Petit gave up two hits in the inning, including Francisco Cervelli's one-out double, but his biggest mistake probably was his walk of Pedro Florimon, which loaded the bases and put Cervelli in position to score on any ball that found outfield grass.
Even so, Petit nearly got out of the jam unscathed. He struck out Rodriguez with a slider down and away, and his 2-2 pitch to Stallings (a curveball) should have been strike three. According to the Twitter account @NationalsUmp, which tracks all borderline pitches, umpires call pitches thrown to that exact location a strike 82 percent of the time.
With the count now 3-2 and one more ball forcing the winning run home, Petit threw a cutter right down the heart of the plate. Stallings lined it over Anthony Rendon's head and down the left field line, winning the game for Pittsburgh.
* The Nationals certainly had their chances to win the game earlier. They stranded the go-ahead runner in scoring position when Turner struck out in the top of the 10th. They missed a chance to add to their 5-4 lead in the top of the ninth when Rendon struck out with two on and Clint Robinson grounded out with the bases loaded. Bryce Harper also left the bases loaded in the sixth when he struck out looking.
* Gio Gonzalez slogged his way through another disappointing start, giving up three runs in five innings, and needing 91 pitches to do it. It wasn't so much the final line, though, as the manner in which it played out.
The Nationals, as they have done countless times this season, handed Gonzalez a 3-0 lead in the top of the second. And Gonzalez, as he has done countless times this season, gave all three runs back in short order. The Pirates scored twice on him in the bottom of the second via four singles, including a two-out RBI hit by pitcher Jameson Taillon. They then brought home the tying run in the bottom of the third on Andrew McCutchen's leadoff triple and Jung Ho Kang's RBI groundout.
"He has to be better at those shutdown innings," manager Dusty Baker said. "Anybody up there with the bat is dangerous."
Gonzalez, now the owner of a 4.51 ERA that ranks 25th out of 31 qualifying National League pitchers, has failed to reach the sixth inning in three of his last four starts, six of his last nine.
The left-hander only gets one more tune-up, Wednesday against the Diamondbacks, before the postseason.
* It wasn't all discouraging last night. Harper had three hits, all of them to either left or center field, and he nearly hit one of those out of the park. His first-inning blast to deep left-center bounced off the wall for a double, but that wall is about 400 feet from the plate, the deepest left-center in the majors. In the bigger picture, last night was an encouraging night at the plate for Harper.
It also was an encouraging night at the plate for Ryan Zimmerman, who roped a pair of doubles, nearly identical to each other: line drives over the second baseman's head that wound up plugging the gap in right-center. Combine those two extra-base hits with his homer and drive to the deep wall in center field at Marlins Park on Wednesday night, and maybe - just maybe - the veteran first baseman is finally starting to put things together at the end of a very frustrating season.

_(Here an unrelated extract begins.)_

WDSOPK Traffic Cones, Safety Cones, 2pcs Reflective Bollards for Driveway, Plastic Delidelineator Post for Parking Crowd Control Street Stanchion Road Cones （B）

* The Nationals' magic number to clinch the NL East title remains two, and they'll give it another shot tonight. But keep in mind the other race they're in, which is not nearly as close to being locked-up: home-field advantage for the NLDS. The Dodgers won last night and now are only 1 1/2 games behind the Nats for the second-best record in the NL. Keep in mind: Los Angeles wins the tiebreaker if the two finish with the same record, so the Nationals have to own at least one more win at season's end lest they want to face Clayton Kershaw at Dodger Stadium in both Games 1 and 5 of the NLDS.